- **The problem**
Every line of the entries below from the one containing "bowl of raw" to the one containing "Vintage Dooney &", both ends included, must be written out exactly. No other line belongs in the answer.

[Data items]
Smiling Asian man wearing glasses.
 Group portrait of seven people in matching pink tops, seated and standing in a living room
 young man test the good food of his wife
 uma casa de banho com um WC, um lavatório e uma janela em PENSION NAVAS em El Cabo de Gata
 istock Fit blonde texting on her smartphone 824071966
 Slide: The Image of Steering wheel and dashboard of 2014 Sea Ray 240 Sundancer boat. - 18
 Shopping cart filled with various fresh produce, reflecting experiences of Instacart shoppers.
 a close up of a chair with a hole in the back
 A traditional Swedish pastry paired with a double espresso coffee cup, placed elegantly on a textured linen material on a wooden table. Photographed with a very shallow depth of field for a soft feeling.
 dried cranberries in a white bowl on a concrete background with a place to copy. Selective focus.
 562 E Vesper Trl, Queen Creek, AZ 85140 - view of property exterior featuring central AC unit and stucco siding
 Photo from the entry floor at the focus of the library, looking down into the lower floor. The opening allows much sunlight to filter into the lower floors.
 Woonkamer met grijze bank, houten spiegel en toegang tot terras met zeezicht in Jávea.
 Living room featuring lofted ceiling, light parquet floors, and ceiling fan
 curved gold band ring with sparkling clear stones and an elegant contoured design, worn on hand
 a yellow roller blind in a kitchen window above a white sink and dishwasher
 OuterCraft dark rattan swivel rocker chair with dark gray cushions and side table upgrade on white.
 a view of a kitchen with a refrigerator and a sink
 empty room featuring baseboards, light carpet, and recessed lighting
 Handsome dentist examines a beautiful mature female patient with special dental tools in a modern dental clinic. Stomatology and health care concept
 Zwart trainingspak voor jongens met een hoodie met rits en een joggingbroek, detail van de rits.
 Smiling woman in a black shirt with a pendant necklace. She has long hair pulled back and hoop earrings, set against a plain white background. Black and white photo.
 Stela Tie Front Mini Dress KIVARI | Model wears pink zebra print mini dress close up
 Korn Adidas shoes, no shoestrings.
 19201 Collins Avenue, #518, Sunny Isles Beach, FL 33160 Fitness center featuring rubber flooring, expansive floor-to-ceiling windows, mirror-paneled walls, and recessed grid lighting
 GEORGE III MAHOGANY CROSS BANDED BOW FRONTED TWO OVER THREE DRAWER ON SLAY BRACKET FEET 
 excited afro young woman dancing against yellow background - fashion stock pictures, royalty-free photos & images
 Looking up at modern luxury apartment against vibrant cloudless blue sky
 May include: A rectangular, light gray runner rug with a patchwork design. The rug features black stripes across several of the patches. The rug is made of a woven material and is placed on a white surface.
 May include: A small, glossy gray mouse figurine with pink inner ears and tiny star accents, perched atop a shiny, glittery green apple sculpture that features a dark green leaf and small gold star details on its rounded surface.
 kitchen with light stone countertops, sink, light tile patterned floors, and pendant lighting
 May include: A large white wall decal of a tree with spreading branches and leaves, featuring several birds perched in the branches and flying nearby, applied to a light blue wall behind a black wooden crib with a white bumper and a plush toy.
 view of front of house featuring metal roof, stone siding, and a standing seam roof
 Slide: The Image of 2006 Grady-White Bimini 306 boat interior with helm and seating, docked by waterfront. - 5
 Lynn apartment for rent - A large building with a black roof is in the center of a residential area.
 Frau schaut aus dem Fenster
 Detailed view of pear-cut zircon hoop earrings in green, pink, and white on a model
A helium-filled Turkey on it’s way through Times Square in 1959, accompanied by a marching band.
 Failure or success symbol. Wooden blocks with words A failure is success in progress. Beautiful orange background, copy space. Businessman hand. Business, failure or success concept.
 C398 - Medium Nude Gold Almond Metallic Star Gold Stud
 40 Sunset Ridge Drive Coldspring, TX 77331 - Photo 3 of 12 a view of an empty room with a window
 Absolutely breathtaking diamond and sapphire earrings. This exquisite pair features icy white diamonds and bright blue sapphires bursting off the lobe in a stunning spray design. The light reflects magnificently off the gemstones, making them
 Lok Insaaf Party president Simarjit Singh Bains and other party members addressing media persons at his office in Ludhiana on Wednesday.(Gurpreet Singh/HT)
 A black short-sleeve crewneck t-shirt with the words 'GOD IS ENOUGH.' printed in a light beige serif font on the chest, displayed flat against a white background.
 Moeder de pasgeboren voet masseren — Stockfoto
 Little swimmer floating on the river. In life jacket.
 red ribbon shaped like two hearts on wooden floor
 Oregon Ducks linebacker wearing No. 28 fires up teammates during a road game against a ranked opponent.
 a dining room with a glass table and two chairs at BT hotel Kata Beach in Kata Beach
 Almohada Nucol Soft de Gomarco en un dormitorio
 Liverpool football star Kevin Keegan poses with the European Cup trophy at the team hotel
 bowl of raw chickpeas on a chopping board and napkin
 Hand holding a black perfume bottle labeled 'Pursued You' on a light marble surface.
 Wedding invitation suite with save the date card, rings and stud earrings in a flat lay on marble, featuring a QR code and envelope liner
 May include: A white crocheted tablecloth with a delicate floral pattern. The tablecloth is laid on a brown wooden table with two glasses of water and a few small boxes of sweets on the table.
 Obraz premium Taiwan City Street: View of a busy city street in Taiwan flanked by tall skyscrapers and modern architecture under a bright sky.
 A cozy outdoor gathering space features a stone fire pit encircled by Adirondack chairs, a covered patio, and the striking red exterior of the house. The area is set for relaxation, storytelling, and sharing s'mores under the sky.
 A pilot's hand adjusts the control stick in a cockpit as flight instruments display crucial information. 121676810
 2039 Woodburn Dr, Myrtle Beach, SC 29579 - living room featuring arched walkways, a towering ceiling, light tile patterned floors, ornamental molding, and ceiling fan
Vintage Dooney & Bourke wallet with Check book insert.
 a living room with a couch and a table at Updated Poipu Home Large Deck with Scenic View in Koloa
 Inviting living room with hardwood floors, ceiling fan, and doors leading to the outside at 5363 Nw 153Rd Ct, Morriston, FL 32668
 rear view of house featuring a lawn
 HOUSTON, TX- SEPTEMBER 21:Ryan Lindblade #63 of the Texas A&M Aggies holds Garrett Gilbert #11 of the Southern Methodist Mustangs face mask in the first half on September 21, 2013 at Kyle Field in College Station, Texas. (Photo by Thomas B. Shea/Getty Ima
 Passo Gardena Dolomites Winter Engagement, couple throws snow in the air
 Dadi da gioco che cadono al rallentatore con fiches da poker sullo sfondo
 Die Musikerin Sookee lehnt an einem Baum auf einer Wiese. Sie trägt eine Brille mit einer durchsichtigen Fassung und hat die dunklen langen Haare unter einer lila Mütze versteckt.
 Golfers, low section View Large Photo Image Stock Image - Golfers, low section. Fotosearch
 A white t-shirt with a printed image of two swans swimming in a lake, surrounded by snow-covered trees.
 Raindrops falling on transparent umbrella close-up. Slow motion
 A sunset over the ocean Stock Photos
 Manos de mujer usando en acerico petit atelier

- **Your solution**
 bowl of raw chickpeas on a chopping board and napkin
 Hand holding a black perfume bottle labeled 'Pursued You' on a light marble surface.
 Wedding invitation suite with save the date card, rings and stud earrings in a flat lay on marble, featuring a QR code and envelope liner
 May include: A white crocheted tablecloth with a delicate floral pattern. The tablecloth is laid on a brown wooden table with two glasses of water and a few small boxes of sweets on the table.
 Obraz premium Taiwan City Street: View of a busy city street in Taiwan flanked by tall skyscrapers and modern architecture under a bright sky.
 A cozy outdoor gathering space features a stone fire pit encircled by Adirondack chairs, a covered patio, and the striking red exterior of the house. The area is set for relaxation, storytelling, and sharing s'mores under the sky.
 A pilot's hand adjusts the control stick in a cockpit as flight instruments display crucial information. 121676810
 2039 Woodburn Dr, Myrtle Beach, SC 29579 - living room featuring arched walkways, a towering ceiling, light tile patterned floors, ornamental molding, and ceiling fan
Vintage Dooney & Bourke wallet with Check book insert.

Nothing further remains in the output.